You can filter the cluster lists using the buttons and Filter field at the top right:

../_images/cluster-filters.png
  • To display only clusters that you created, click Created by me.
  • To display only clusters that are accessible to you (if cluster access control is enabled), click Accessible by me.
  • To filter by a string that appears in any field, type the string in the Filter text box.

Pin a cluster

To keep an interactive cluster configuration even after a cluster has been terminated for more than 30 days, an administrator can pin the cluster. Up to 20 clusters can be pinned.

You can pin a cluster from the:

  • Cluster list

    To pin or unpin a cluster, click the pin icon to the left of the cluster name.

    ../_images/pin-list.png
  • Cluster detail page

    To pin or unpin a cluster, click the pin icon to the right of the cluster name.

    ../_images/pin-detail.png

You can also invoke the Pin API endpoint to programmatically pin a cluster.

View a cluster configuration as a JSON file

Sometimes it can be helpful to view your cluster configuration as JSON. This is especially useful when you want to create similar clusters using the Clusters API. When you view an existing cluster, simply go to the Configuration tab, click JSON in the top right of the tab, copy the JSON, and paste it into your API call. JSON view is ready-only.

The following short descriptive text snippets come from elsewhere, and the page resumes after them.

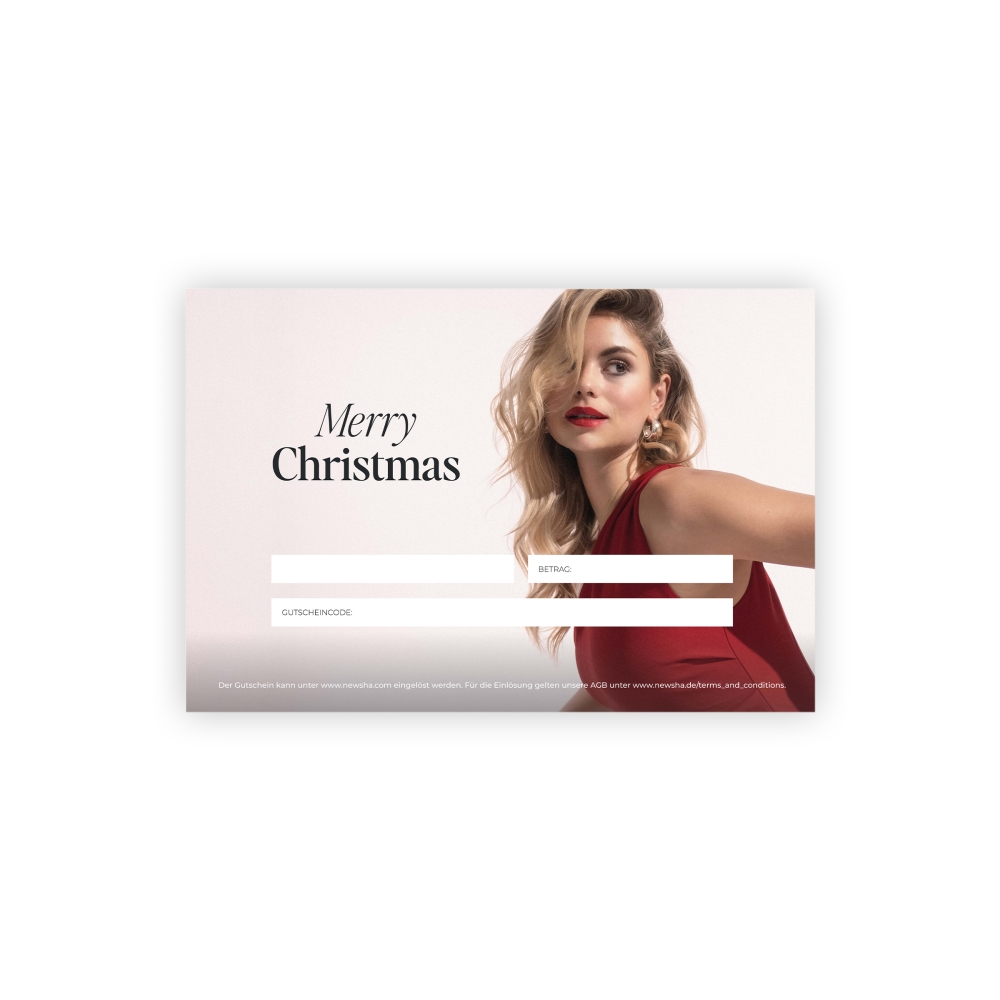 NEWSHA Weihnachtsgutschein im eleganten Design – Frau mit glamourösem Look und Sonnenbrille sendet Luftkuss, daneben Felder zur Eingabe von Betrag und Gutscheincode. Ideal als Geschenkidee für Weihnachten.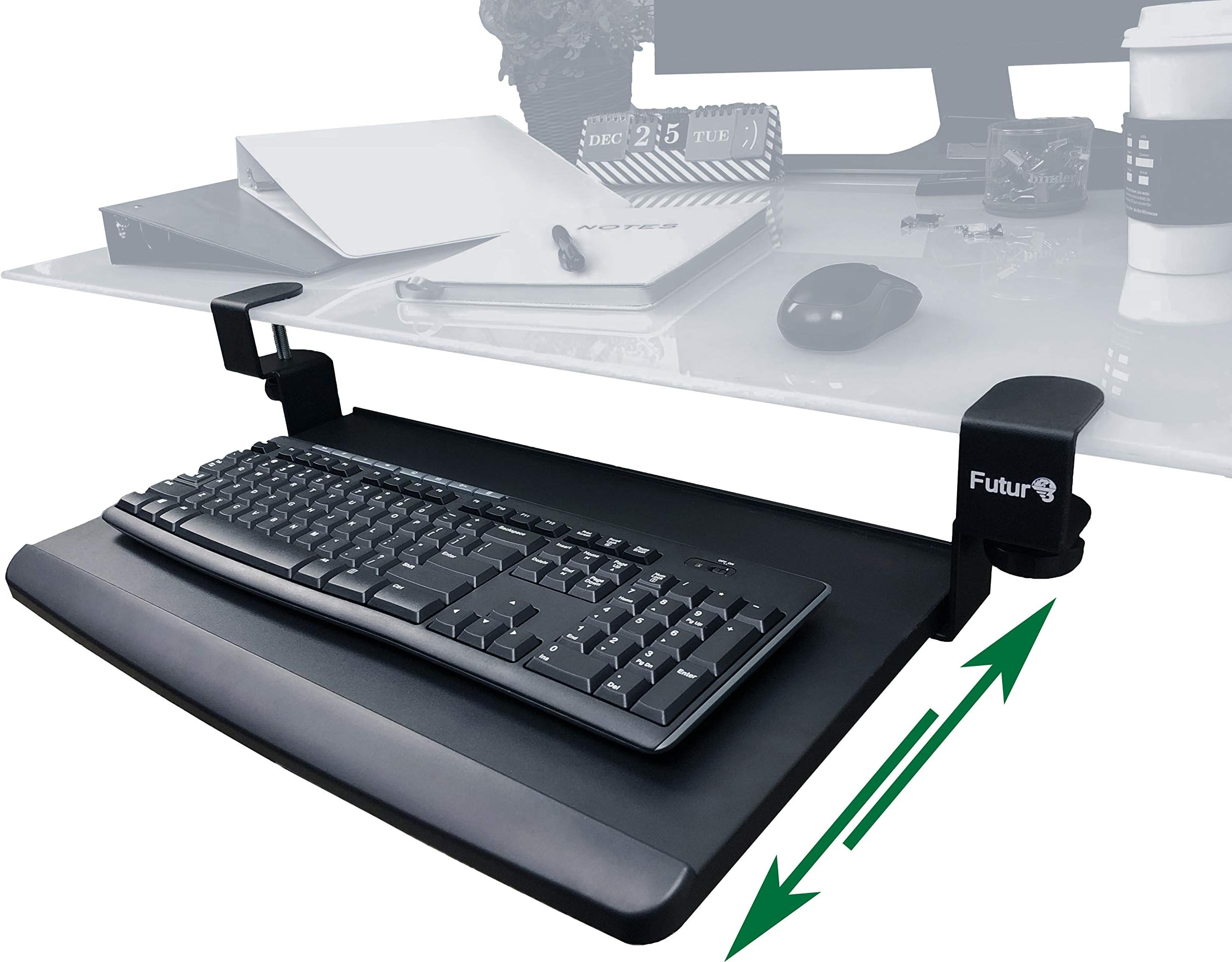Futur3 Office (Short Version) Sliding Under-Desk Keyboard Tray- 5 Minutes Easy Installation Clamp On Keyboard- Perfect for Office, Home, School- Ergonomic and Comfortable Design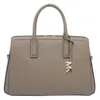 Michael Kors Grey Handbag With Metallic Lettering Logo And Pendant On The Front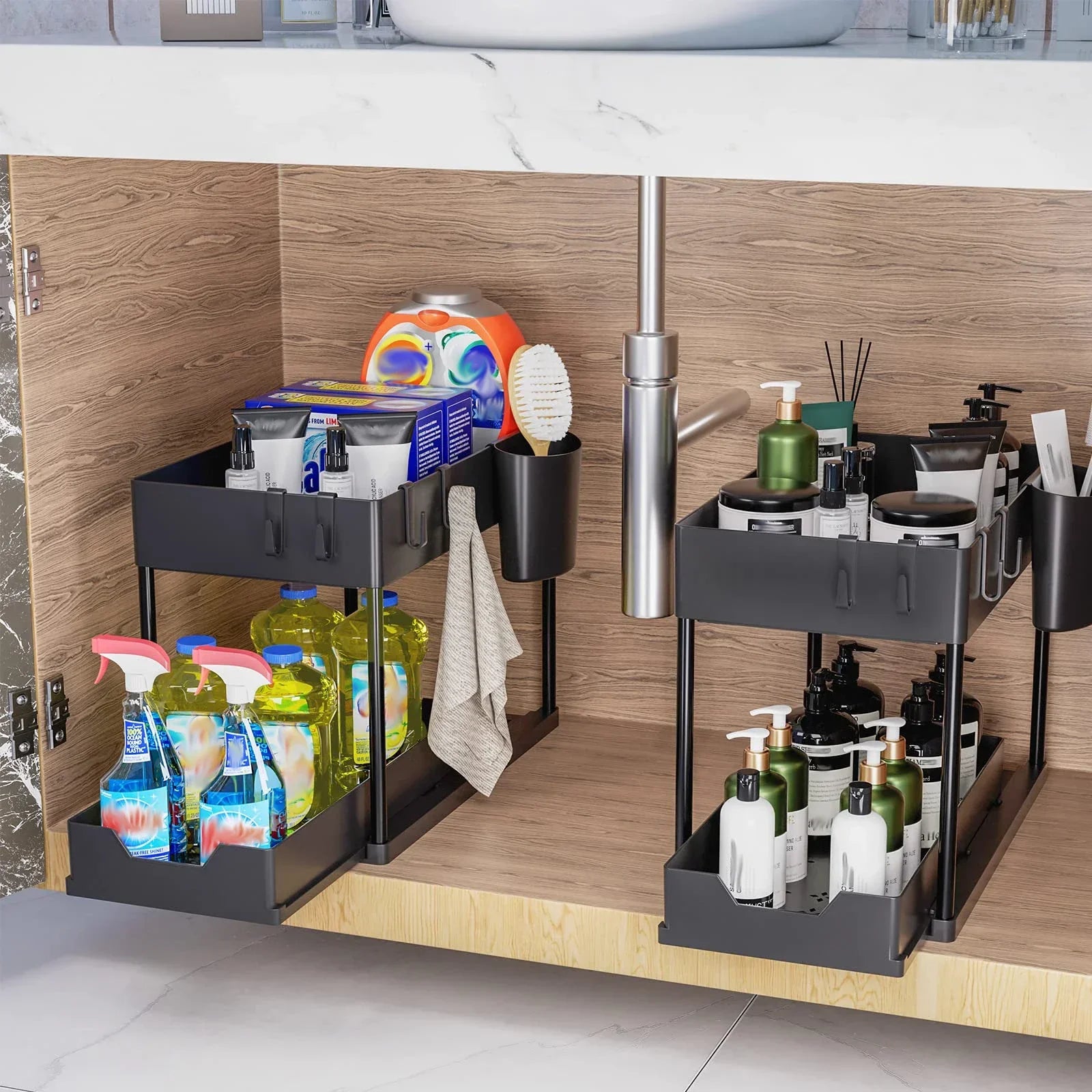 2-Layer Under Sink Multi-Purpose Moveable Storage Rack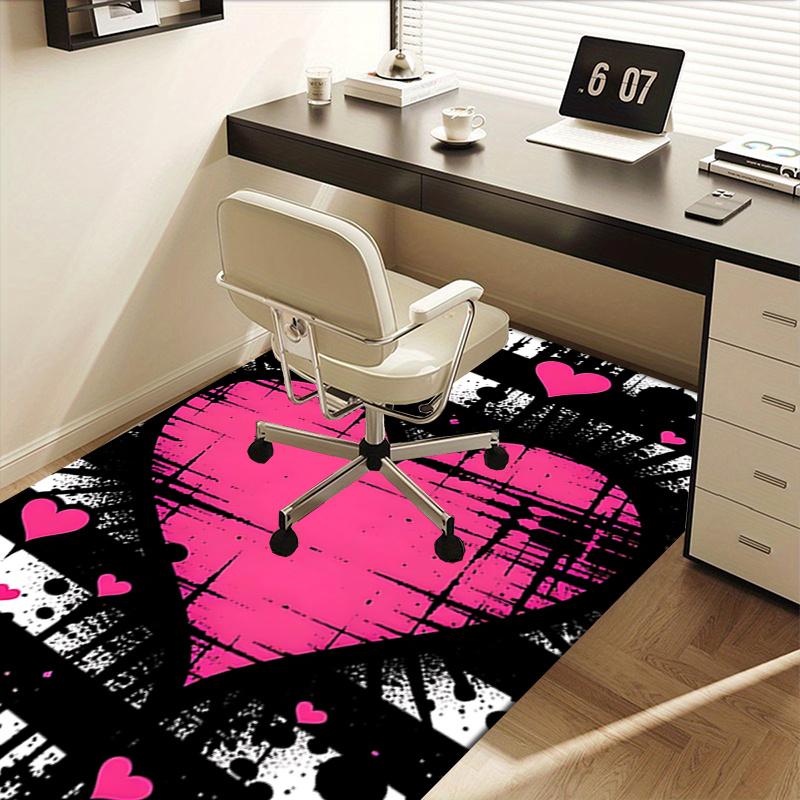 Herz Graffiti Thema Stuhlmatte Büro Teppich Übergröße Teppich für Heimdekor, Sofateppich, Schreibtischmatte, Geschenkidee für Büro und Wohnzimmer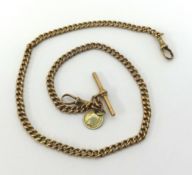 A 9ct gold watch chain with T bar approx 14gms.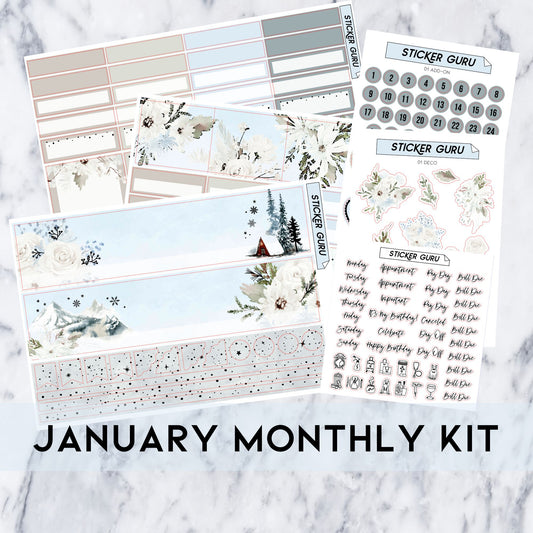 A5 Wide January 2023 • Silver Foil • Monthly Kit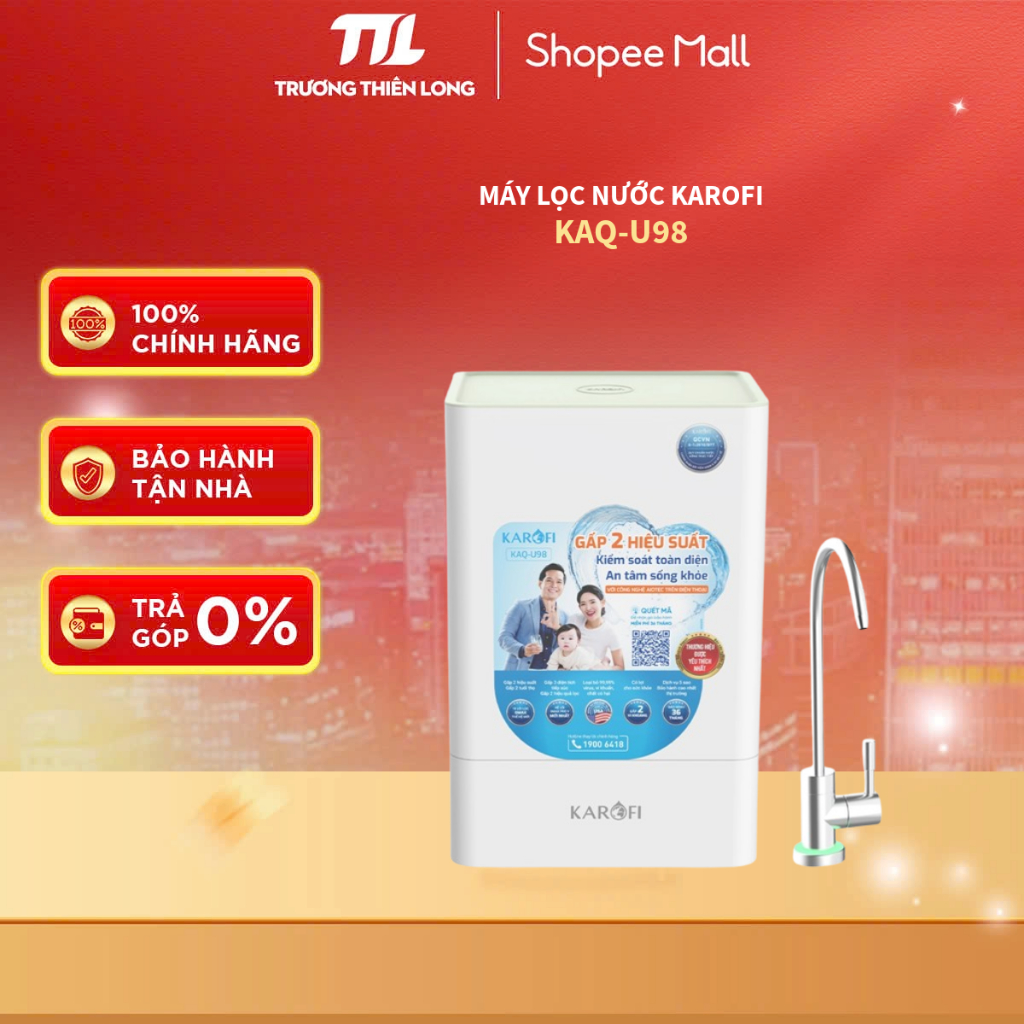 [Shopee - Lắp đặt 0Đ HN HCM] KAQ-U98 - Máy Lọc Nước Karofi KAQ-U98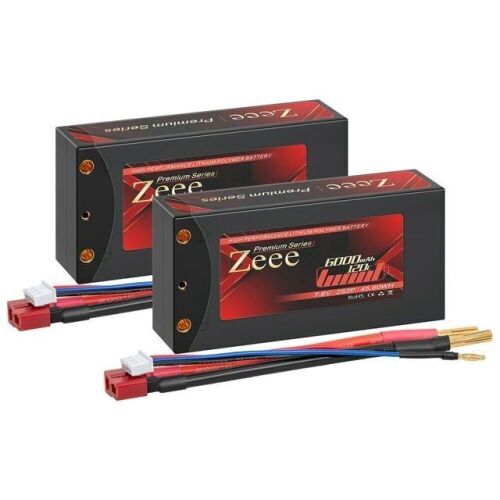 Zeee 2S Shorty Lipo Battery 7.6V 6000mAh 120C Hard Case with 4mm Bullet to Deans Plug for RC Cars, 2 Pack  - Lot 334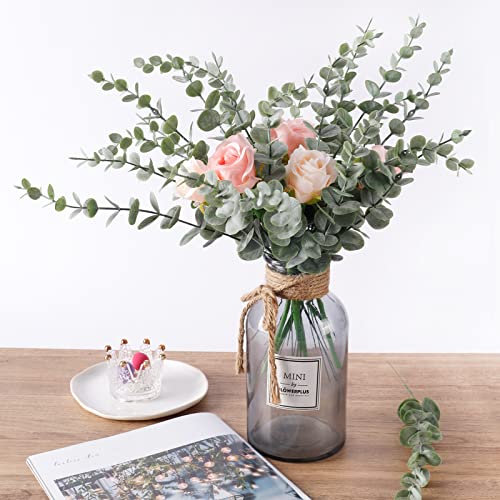 24pcs Artificial Eucalyptus Stems - Faux Greenery Branches for Home Decor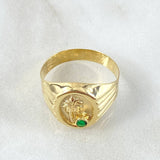 Oval Palm Tree Ring 2.6gr / Size 9 3/4 / 18K Gold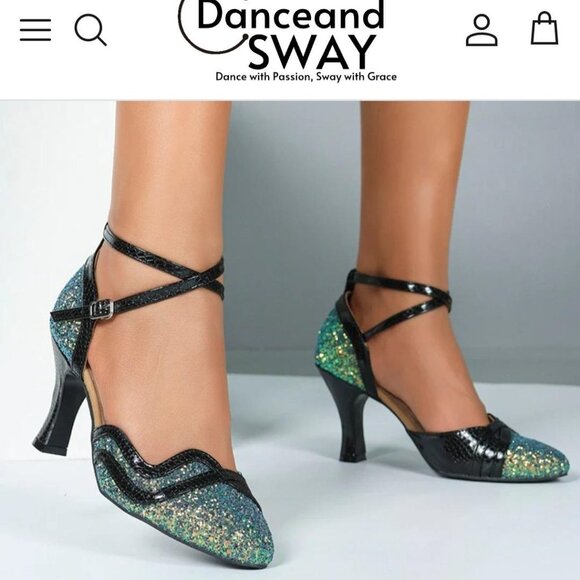 Dance and Sway Sparkling Glitter Closed Toe Ballroom Dance Shoes - Picture 1 of 6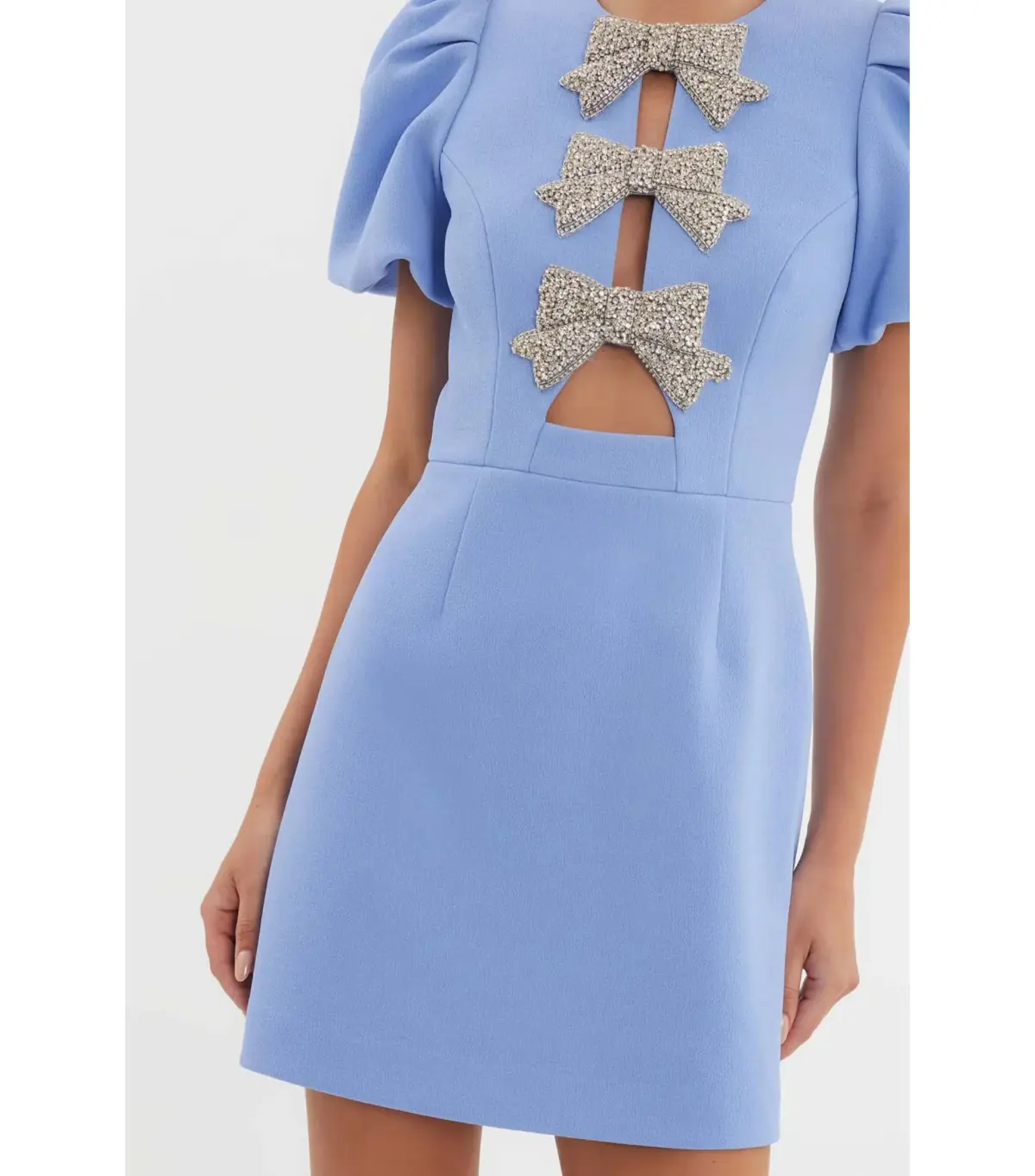 Rebecca Vallance Juliana Puff Sleeve Mini Dress Blue Size AU 8 - Image 4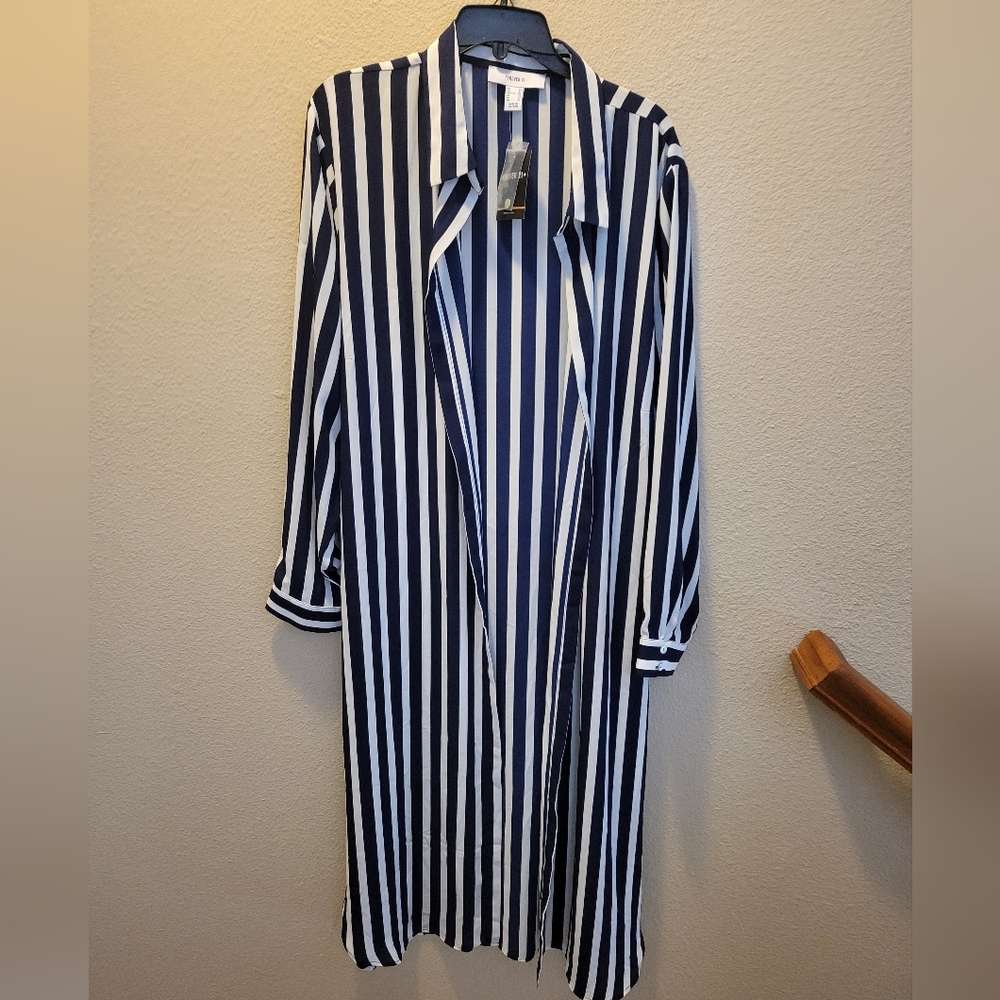 Forever 21 Blue and White Striped Swim Coverup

../_images/cluster-json-aws.png

Edit a cluster

You edit a cluster configuration from the cluster detail page.

../_images/cluster-edit.png

You can also invoke the Edit API endpoint to programmatically edit the cluster.

Note

  • Notebooks and jobs that were attached to the cluster remain attached after editing.
  • Libraries installed on the cluster remain installed after editing.
  • If you edit any attribute of a running cluster (except for the cluster size and permissions), you must restart it. This can disrupt users who are currently using the cluster.
  • You can edit only running or terminated clusters. You can, however, update permissions for clusters that are not in those states on the cluster details page.

For detailed information about cluster configuration properties you can edit, see Cluster Configurations.

Clone a cluster

You can create a new cluster by cloning an existing cluster.

  • Cluster list

    ../_images/clone-list.png
  • Cluster detail page

    ../_images/clone-details.png

The cluster creation form is opened prepopulated with the cluster configuration. The following attributes from the existing cluster are not included in the clone:

  • Cluster permissions
  • Installed libraries
  • Attached notebooks

Control access to clusters

Cluster access control allows admins and delegated users to give fine-grained cluster access to other users. Broadly, there are two types of cluster access control:

  1. Cluster creation permission: Admins can choose which users are allowed to create clusters.

    ../_images/acl-allow-user.png
  2. Cluster-level permissions: A user who has the Can manage permission for a cluster can configure whether other users can attach to, restart, resize, and manage that cluster.

    ../_images/acl-list.png

To learn how to configure cluster access control and cluster-level permissions, see Cluster Access Control.

Start a cluster

Apart from creating a new cluster, you can also start a previously terminated cluster. This lets you re-create a previously terminated cluster with its original configuration.

You can start a cluster from the:

  • Cluster list:

    ../_images/start-list.png
  • Cluster detail page:

    ../_images/start-details.png
  • Notebook Notebook Attach cluster attach dropdown:

    ../_images/start-from-notebook.png

You can also invoke the Start API endpoint to programmatically start a cluster.

Databricks identifies a cluster with a unique cluster ID. When you start a terminated cluster, Databricks re-creates the cluster with the same ID, automatically installs all the libraries, and re-attaches the notebooks.

Cluster autostart for jobs

When a job assigned to an existing terminated cluster is scheduled to run or you connect to a terminated cluster from a JDBC/ODBC interface, the cluster is automatically restarted. See Create a job and JDBC connect.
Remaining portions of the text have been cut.